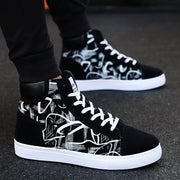 Spring high top shoes Korean Edition men''s shoes Frugal Finds Galore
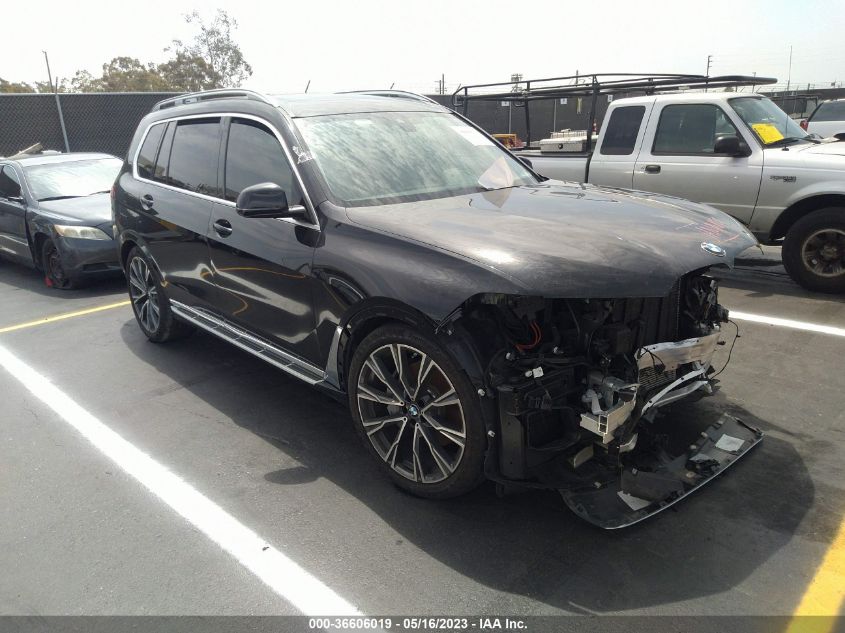 2020 BMW X7 XDRIVE40I - 5UXCW2C05L9A01567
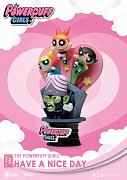 The Powerpuff Girls D-Stage PVC Diorama Have A Nice Day New Version 15 cm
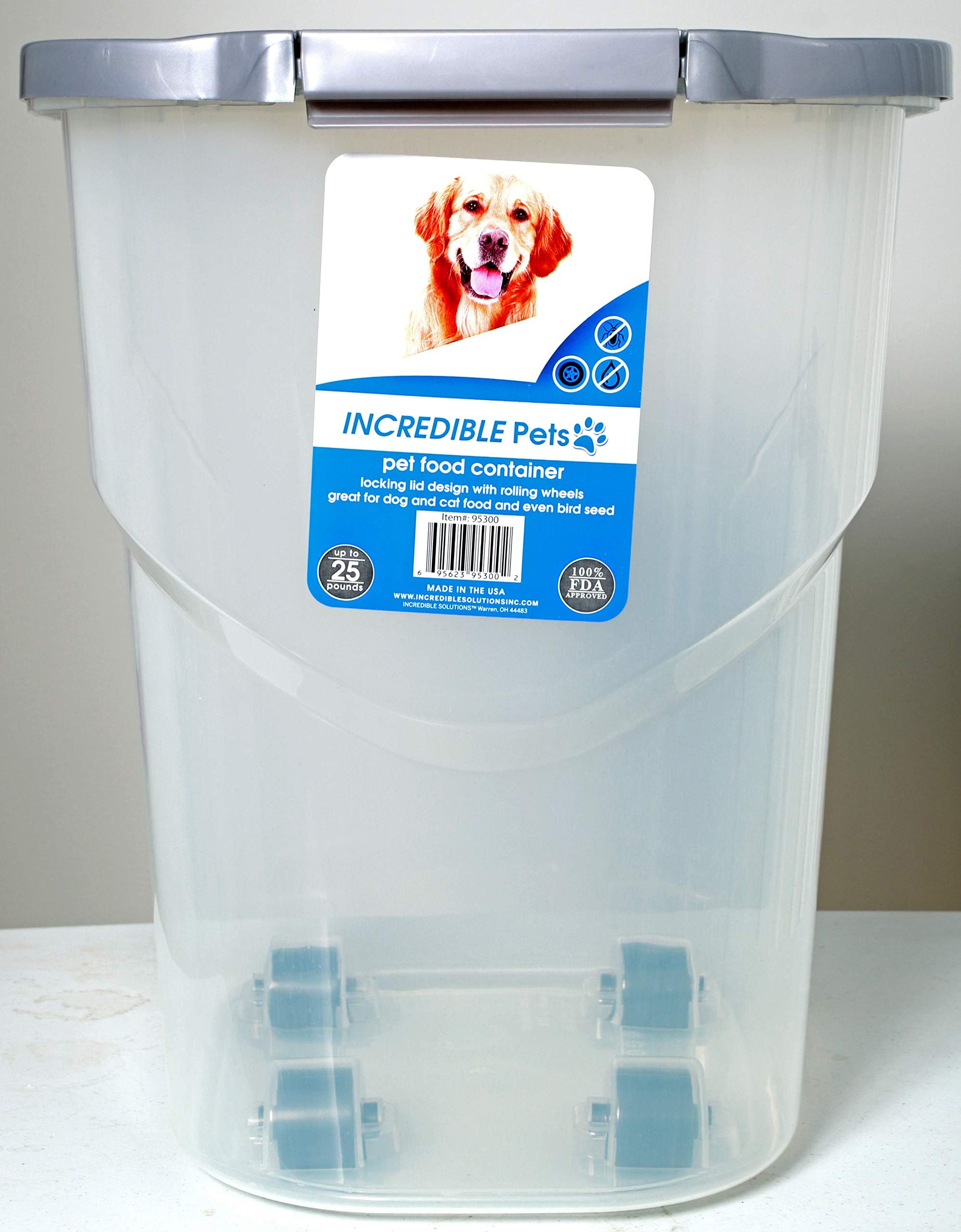 25 lb storage container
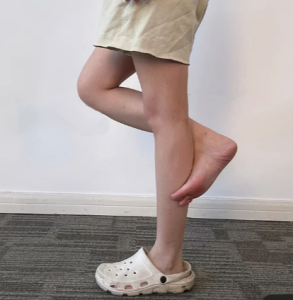 單腳站立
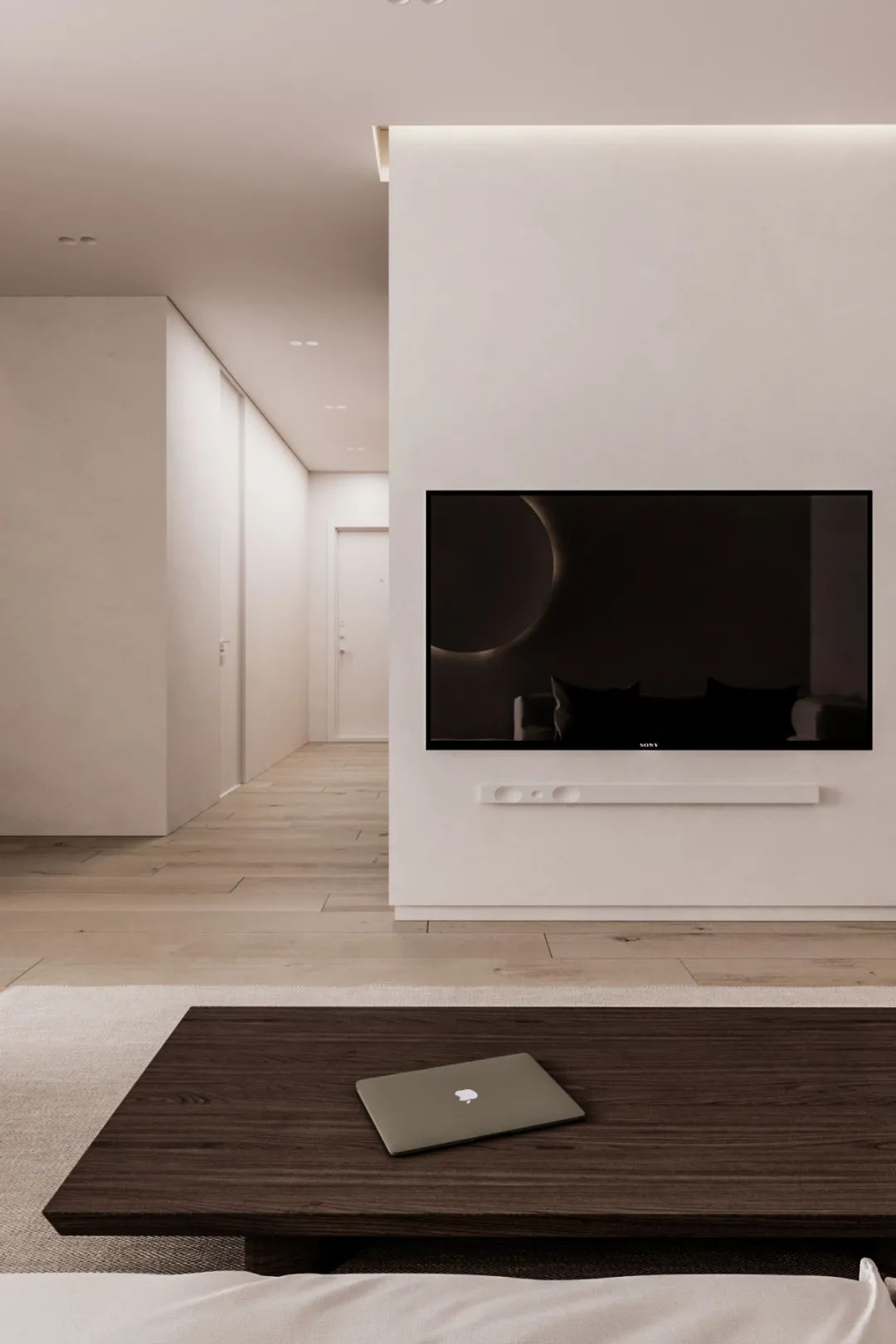 乌克兰现代家居设计展 | 原木、灰色与黑色的和谐空间-59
════════════════════
-- To do --
Nothing but the lines from the line with "The Powerpuff Girls" through the last line of the listing above should be repeated, and pictures should be left out.

-- Output --
 The Powerpuff Girls D-Stage PVC Diorama Have A Nice Day New Version 15 cm
 25 lb storage container
 單腳站立
 乌克兰现代家居设计展 | 原木、灰色与黑色的和谐空间-59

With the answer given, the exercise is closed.